The above and other objects, features and advantages of the present invention will become more readily apparent from the following description, reference being made to the accompanying drawing in which:

FIG 1 is a block diagram of the preprocessor; and

FIG. 2 is a diagram of the circuits FIR and ATD thereof.

FIG. 1 is a block diagram of the preprocessor which shows an interface input (INT1) 1 receiving the programming, data, and control signal buses EXDB, MEPA and "controls", respectively.

Connerted thereto by input and output buses x and y respectively, is a transversal filter 2 (FIR).

The filter FIR 2 provides a finite pulse response (impulse response of the finite type).

The interface (INT1) 1 is also connected to an adaptable threshold device (ATD) 3 which in turn consists of an internal two-port memory (MEM) 3.1, with which the bus xy and the buses Q1 and Q2 communicate and an arithmetic processing unit (APU) 3.2 which addresses itself to the memory MEM via ports Q1 and Q2. Connected by another bus, not separately designated, is an assembly 4 of resources (RES) which, in turn, communicates with an output interface 5 (INT2) which addresses itself to the ports Q1 and Q2 of memory MEM and communicates with buses including the output bus CXDB, the angular reference bus SPN and another control signal bus.

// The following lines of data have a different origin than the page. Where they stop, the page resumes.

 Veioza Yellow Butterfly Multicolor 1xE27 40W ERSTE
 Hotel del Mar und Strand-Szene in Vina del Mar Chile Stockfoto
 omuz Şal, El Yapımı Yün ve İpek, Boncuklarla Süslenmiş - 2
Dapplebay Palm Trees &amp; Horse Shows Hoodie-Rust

The entire preprocessor circuitry as described is integrated on a single chip. The interface 1 (INT1) manages the control and programming bus of the entire device (bus EXDB) and the input data bus (bus MEPA). Through bus EXDB it is possible to calculate the internal functions, to program the performing of tests, to read the status and to read the intermediate results of the internal calculation chain. The FIR 2 is a classic digital filter capable of carrying out four operations of addition/substraction on data of twelve bits. The temporal distances used and the performed operations can be programmed in a certain interval.

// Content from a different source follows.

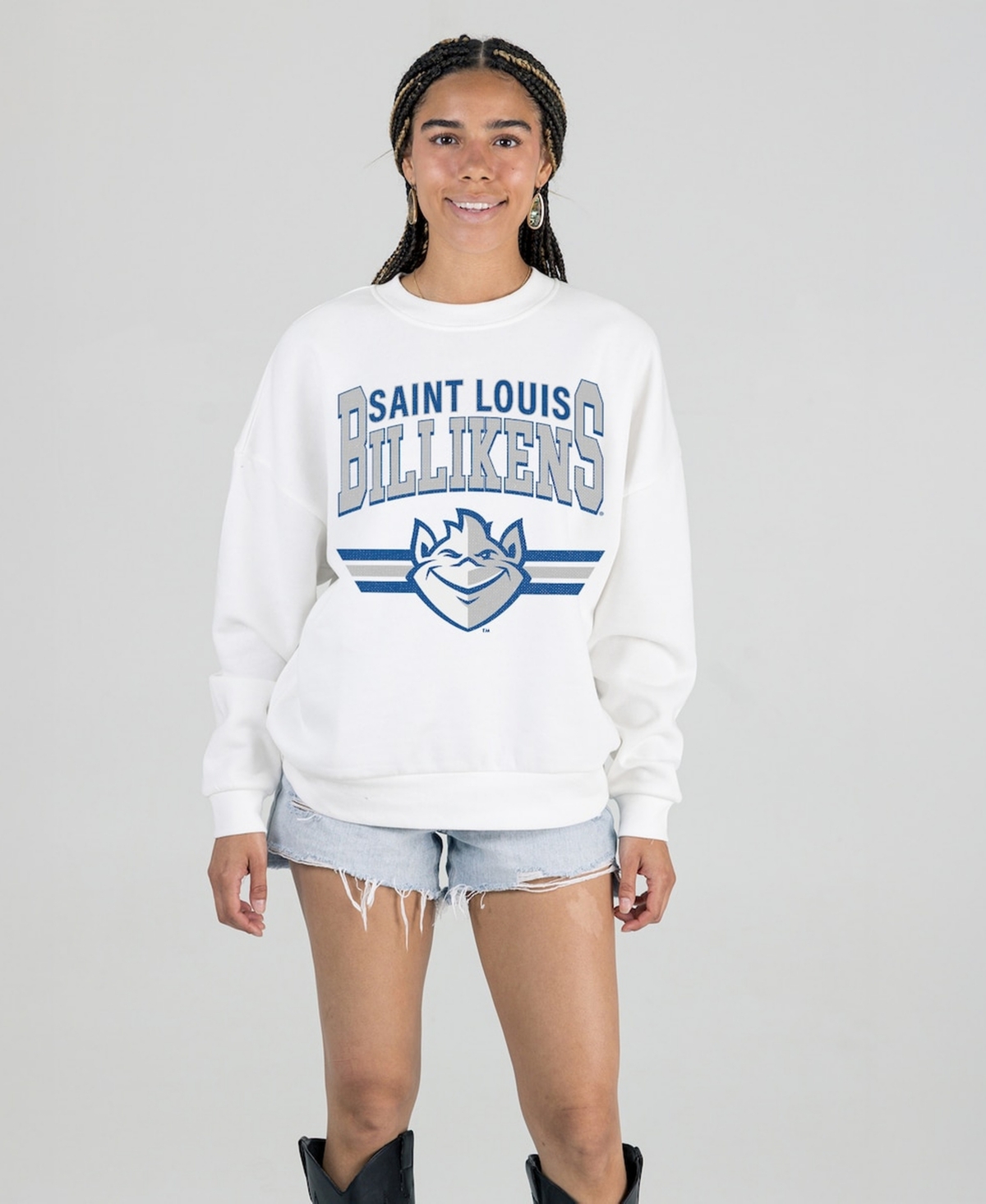Gameday Couture Women's White Saint Louis Billikens Oversized Premium Fleece Sweatshirt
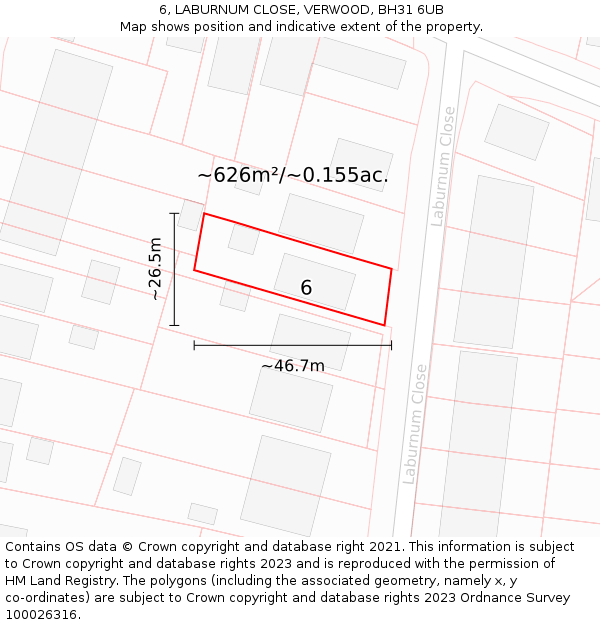 6, LABURNUM CLOSE, VERWOOD, BH31 6UB: Plot and title map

The two-port internal memory MEM 3.1 contains a RAM memory (with one writing port and two reading ports) and a series of pointers for targeting of internal locations. The RAM is of the 1 k×14 bit type and allows the storage of sixty four data bits for each of the sixteen channels managed by the system. The memorized data are the output of filter FIR.

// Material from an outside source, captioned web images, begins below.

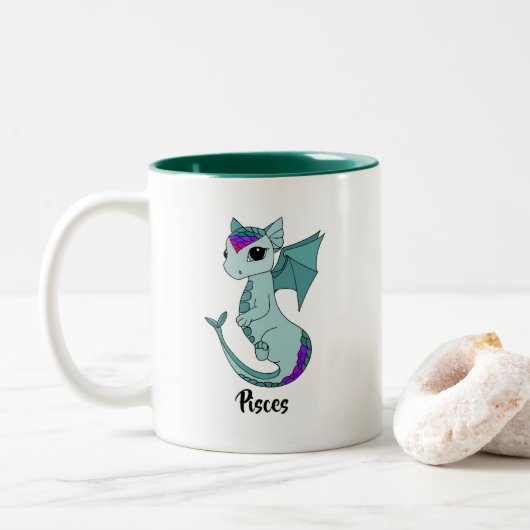 Cute Pisces Dragon design zodiac mok (Met donut)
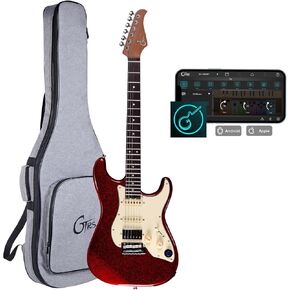 GTRS S801 Smart Electric Guitar Kit with Effects System, HHS Pickup, Loop Drum Machine, 12 Hours Battery Life, Rosewood Fretboard Glossy Paint for Beginner, Professional Player, Performance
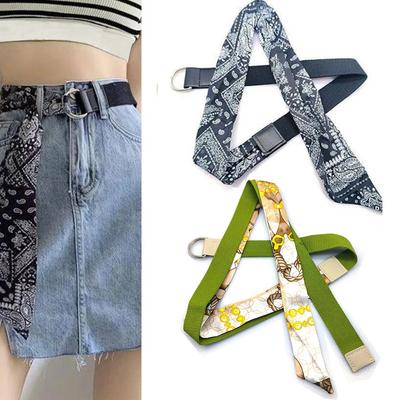 Ribbon Patchwork Jeans Dress Belt Women Imitation Silk Scarf Tie Decorative Cloth Strip All-Match Waist Belt Soft Long Waistband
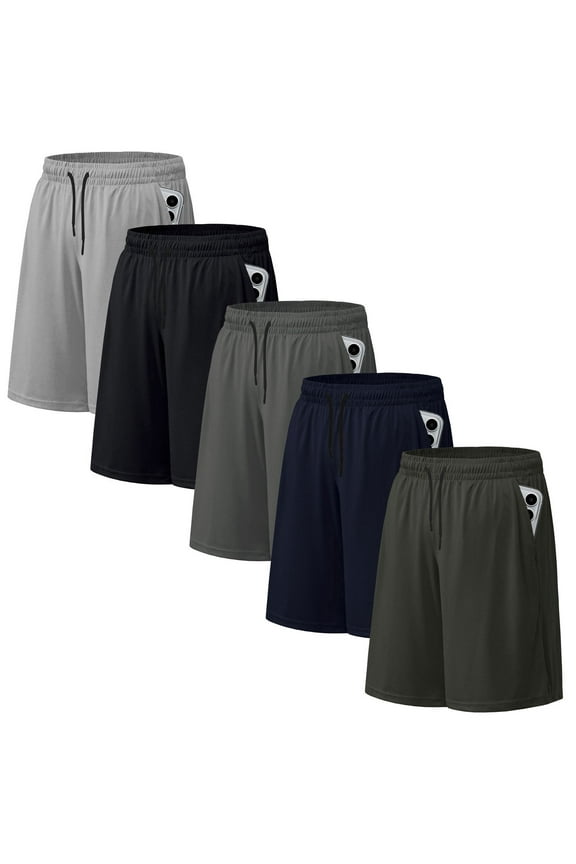 5 Pack Men's Athletic Shorts Mesh Workout Gym Activewear Basketball Shorts 8" Inseam With Pockets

The arithmetic programming unit APU 3.2 contains the entire chain of calculation representing the algorithms provided in the device. It comprises numerous programmable functions.

The resource assembly RES 4 contains all kind of resources (counters, comparators, etc.) for the use of external controllers.

The interface INT2 shown at 5 manages the exit bus (bus CXDB), the signals and from the control resources and the recording of data coming on bus SPN. In addition, it contains counters capable of keeping track of the temporary references of extraction packages.

The chip comprises the major part of hardward resources required for the algorithms, which can be used by a microprogrammed external controller. These resources have a high degree of parallelism, in order to optimize the execution times.

The "typical" operational environment provides:

a microprocessor for the programming and testing of the component,

a microprogrammed controller for the operative control of the real-time algorithms of the calculation,

a buffer memory (typically a FIFO) for the collection of output data.

The salient characteristics can be summarized as follows:

Three external busbars to carry out the tasks of programming/reading of the internal status (bus EXDB with sixteen bits), input data (bus MEPA with twelve bits), output data (bus CXCB with sixteen bits).

Capability to manage up to sixteen independent channels with an internal generator for the codes of the four-bit channel.

Structure with transversal filter (FIR) in order to provide a "signal enhancer" for every channel. Filter FIR is programmable on various widths, with a maximum of twelve delay levels per channel.

Internal two-port memory MEM of 1 k×14 bits, with sixty four locations for every one of the sixteen channels, which stores the output of the filter FIR. The memory is equipped with five pointers which can be programmed and controlled from the outside.

N° times two internal memories FIFO with sixteen locations of seventeen bits, used for salvaging data during threshold calculation.

Internal arithmetic structures for the execution of algorithms, common to all channels.

Logic for control and suppression of the "overflow" generated by the arithmetic structures.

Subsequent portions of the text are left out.